** Input data follows **

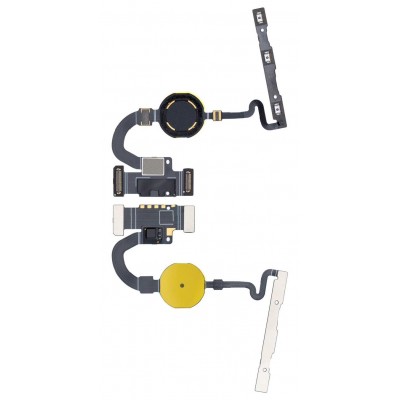 Fingerprint Sensor Flex Cable For Google Pixel 5 Black By - Maxbhi Com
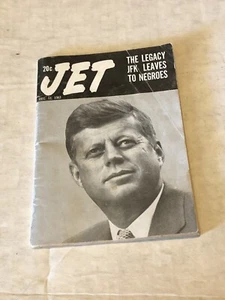 Jet Magazine DEC 12 1963 John F Kennedy THE LEGACY JFK LEAVES TO NEGROES - Picture 1 of 8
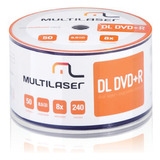 Dvd+r Dual Layer Printable Multilaser 8x 8.5gb Shrink 50 Un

** End of Input data **

### Your assignment
Write out the listing above exactly, images omitted.

### Exercise answer
 Fingerprint Sensor Flex Cable For Google Pixel 5 Black By - Maxbhi Com
 Jet Magazine DEC 12 1963 John F Kennedy THE LEGACY JFK LEAVES TO NEGROES - Picture 1 of 8
 Dvd+r Dual Layer Printable Multilaser 8x 8.5gb Shrink 50 Un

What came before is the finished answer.